In the records below, find the line containing "crossbody bag Leather" and repeat it and every line after it exactly, without pictures.

Dataset items:
:::::

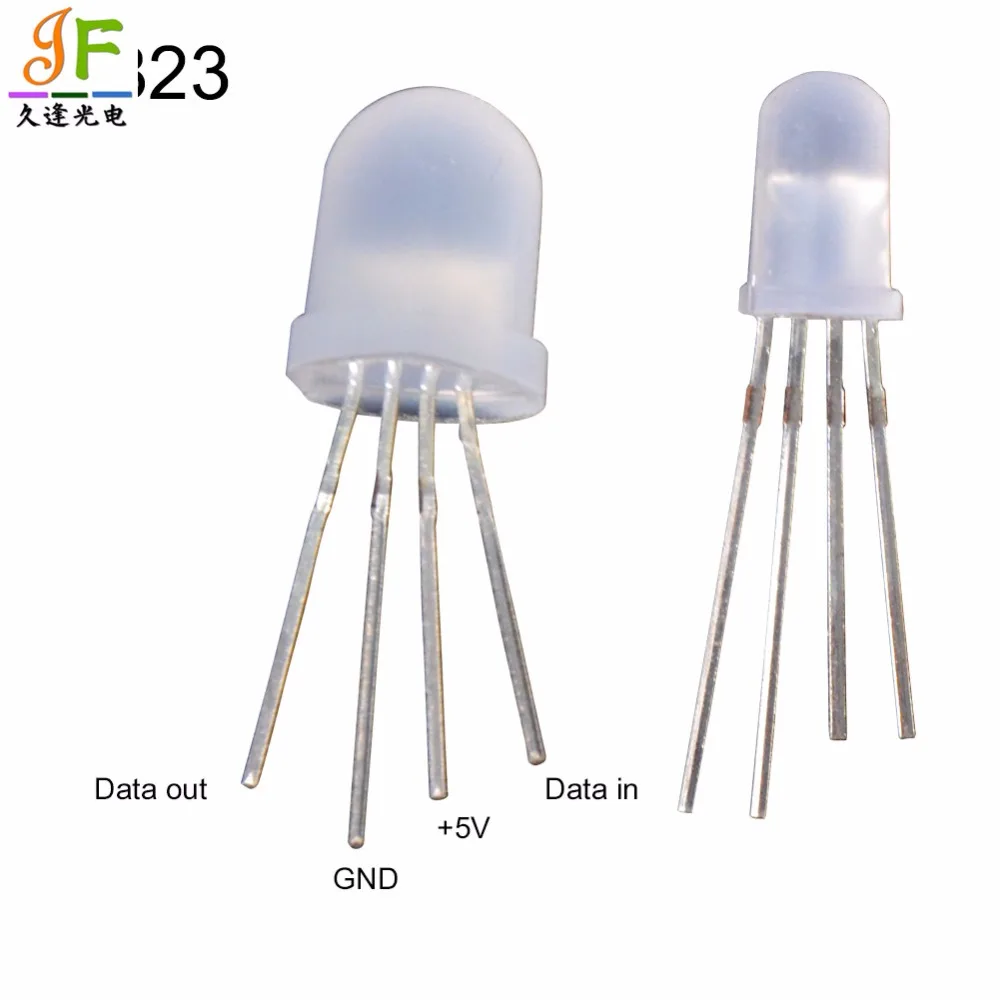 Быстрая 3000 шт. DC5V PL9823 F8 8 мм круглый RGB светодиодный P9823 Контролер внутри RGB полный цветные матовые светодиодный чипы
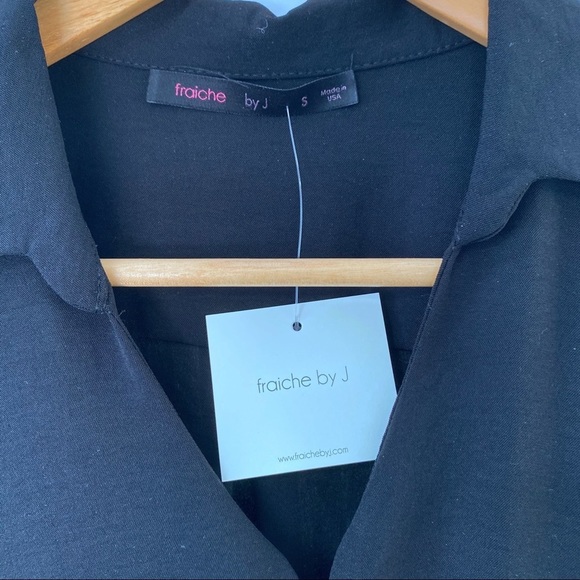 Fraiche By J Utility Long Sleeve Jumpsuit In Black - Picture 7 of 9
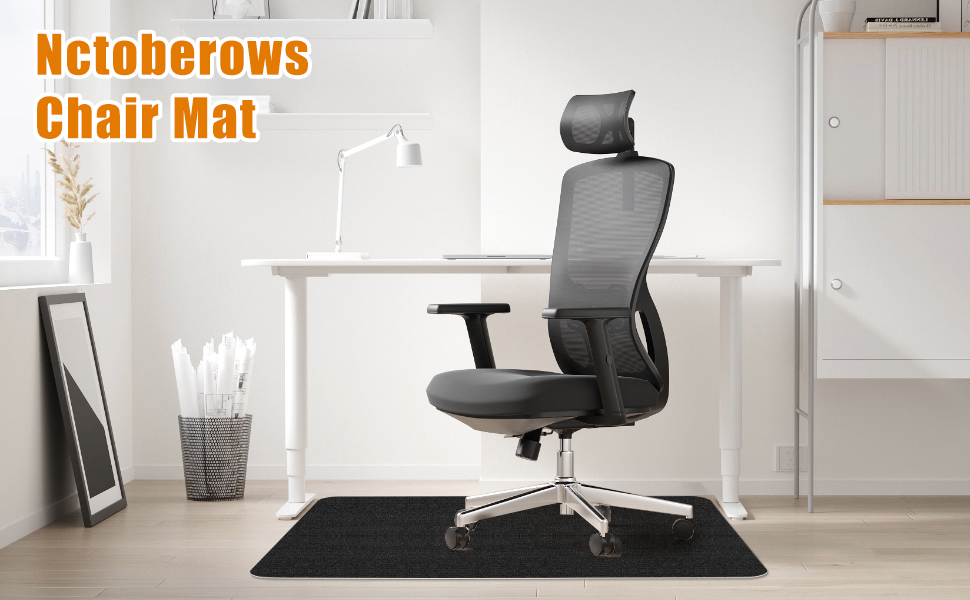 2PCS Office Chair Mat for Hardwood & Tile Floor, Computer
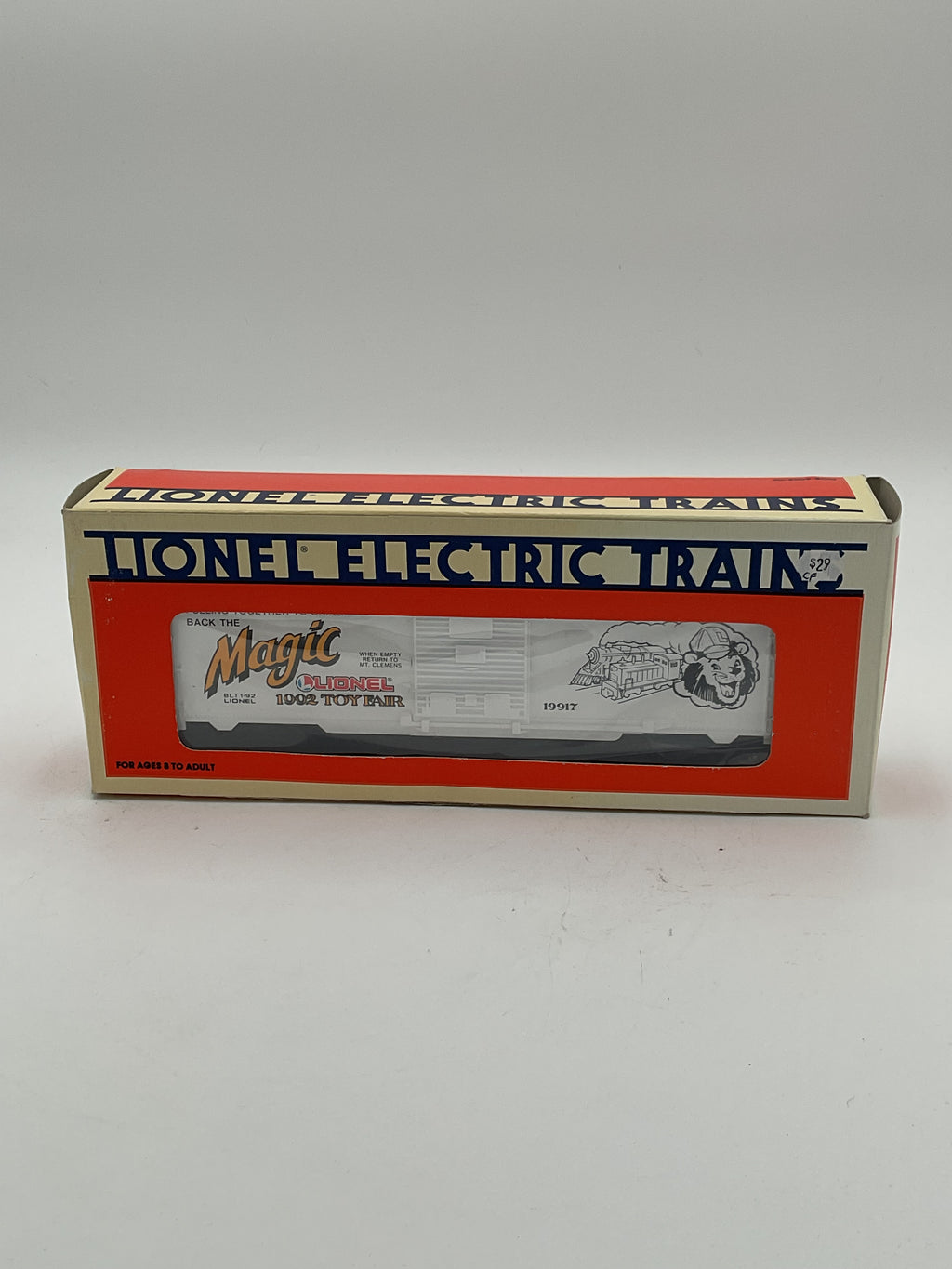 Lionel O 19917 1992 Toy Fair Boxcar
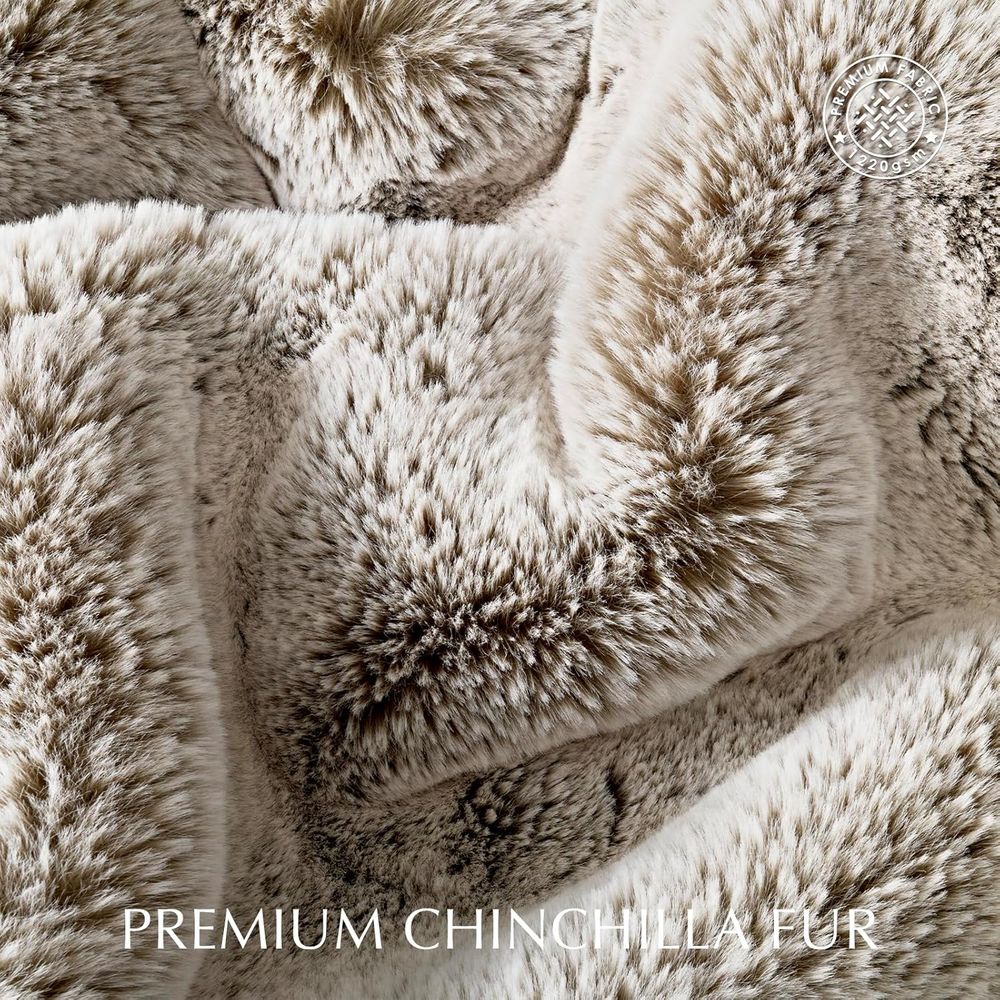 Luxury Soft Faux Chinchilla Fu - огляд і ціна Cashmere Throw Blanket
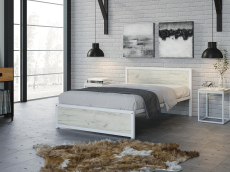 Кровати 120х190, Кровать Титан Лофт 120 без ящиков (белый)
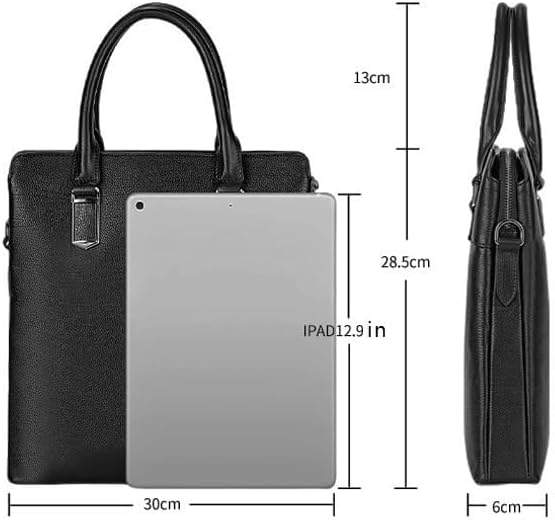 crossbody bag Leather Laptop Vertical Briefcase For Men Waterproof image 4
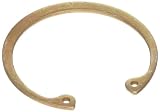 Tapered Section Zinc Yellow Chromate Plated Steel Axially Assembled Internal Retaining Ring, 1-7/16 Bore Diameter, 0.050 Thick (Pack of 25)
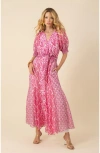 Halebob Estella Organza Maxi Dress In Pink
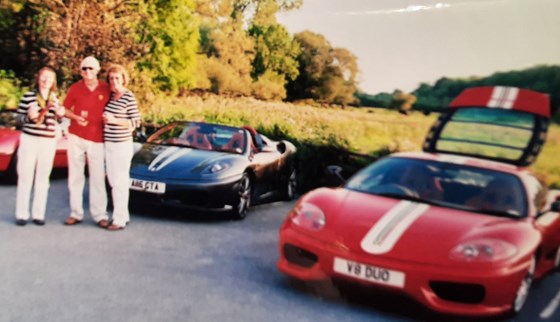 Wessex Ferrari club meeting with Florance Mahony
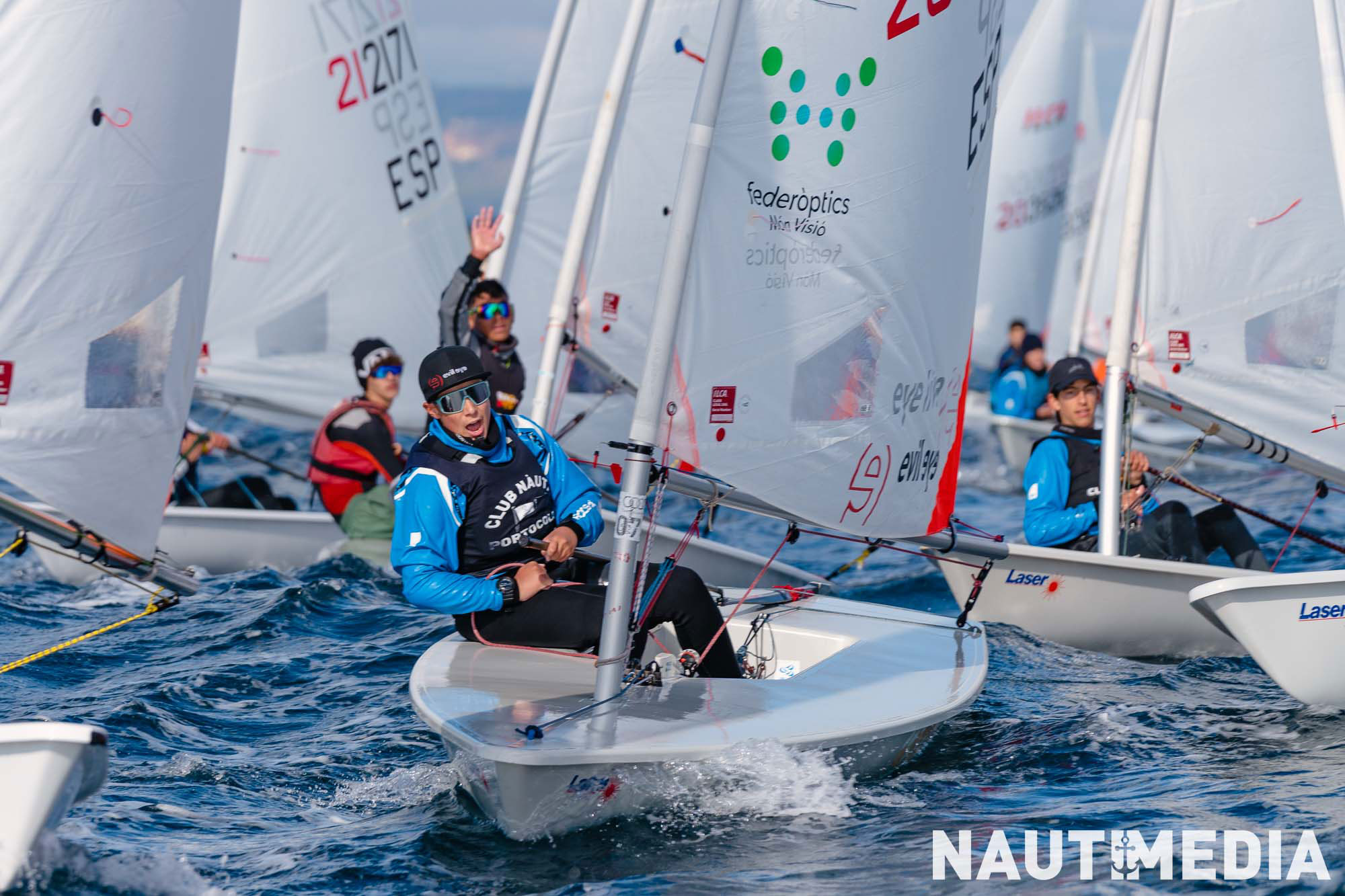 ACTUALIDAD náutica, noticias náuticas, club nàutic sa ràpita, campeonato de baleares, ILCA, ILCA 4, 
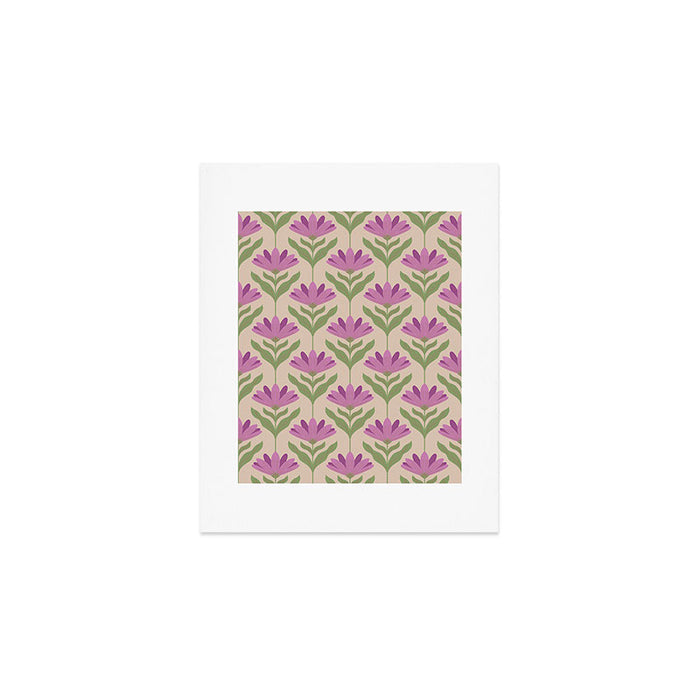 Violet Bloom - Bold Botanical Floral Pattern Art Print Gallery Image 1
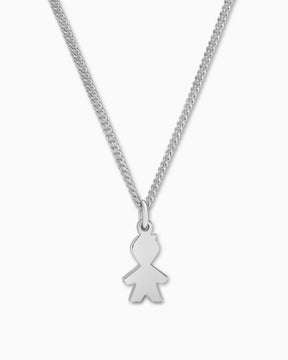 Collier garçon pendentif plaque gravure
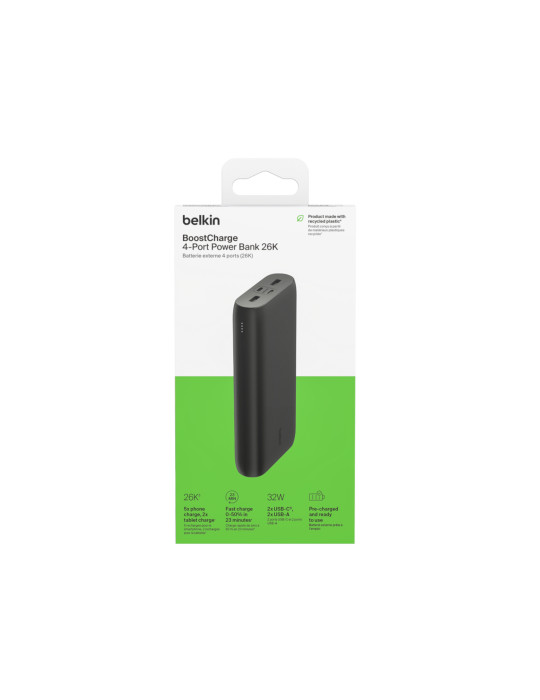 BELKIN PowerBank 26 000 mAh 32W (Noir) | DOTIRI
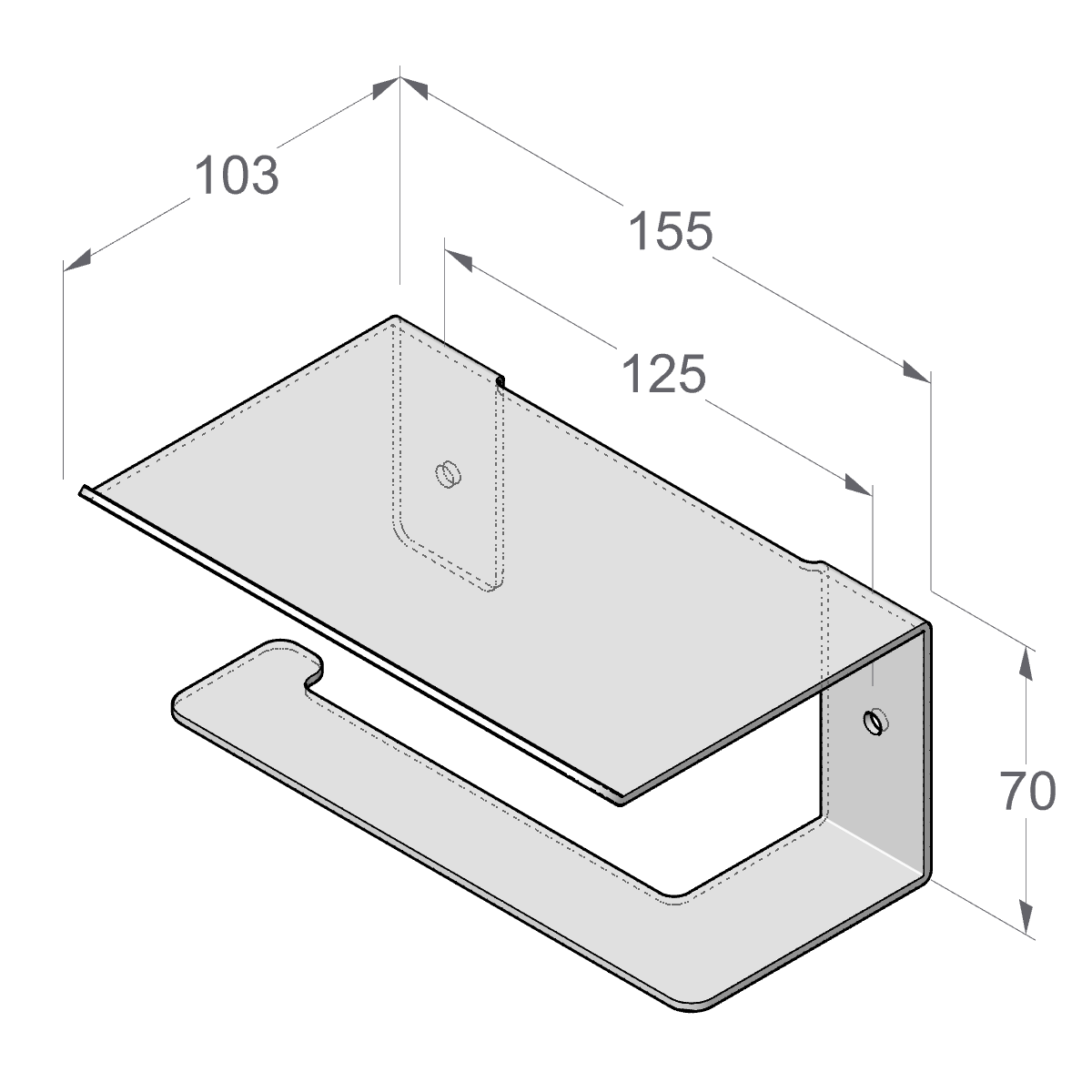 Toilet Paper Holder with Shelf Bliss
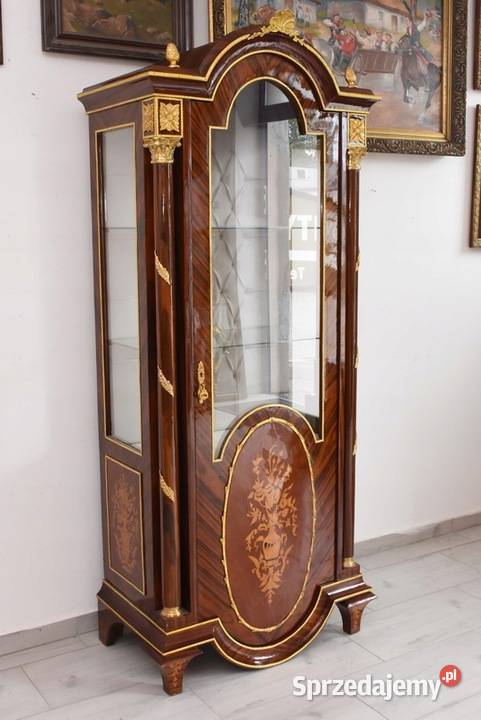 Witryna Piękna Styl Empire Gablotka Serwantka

:::::

**Your response**
 crossbody bag Leather Laptop Vertical Briefcase For Men Waterproof image 4
 Tapered Section Zinc Yellow Chromate Plated Steel Axially Assembled Internal Retaining Ring, 1-7/16 Bore Diameter, 0.050 Thick (Pack of 25)
 Halebob Estella Organza Maxi Dress In Pink
 Wessex Ferrari club meeting with Florance Mahony
 ACTUALIDAD náutica, noticias náuticas, club nàutic sa ràpita, campeonato de baleares, ILCA, ILCA 4, 
 Violet Bloom - Bold Botanical Floral Pattern Art Print Gallery Image 1
 Collier garçon pendentif plaque gravure
 BELKIN PowerBank 26 000 mAh 32W (Noir) | DOTIRI
 Toilet Paper Holder with Shelf Bliss
 Witryna Piękna Styl Empire Gablotka Serwantka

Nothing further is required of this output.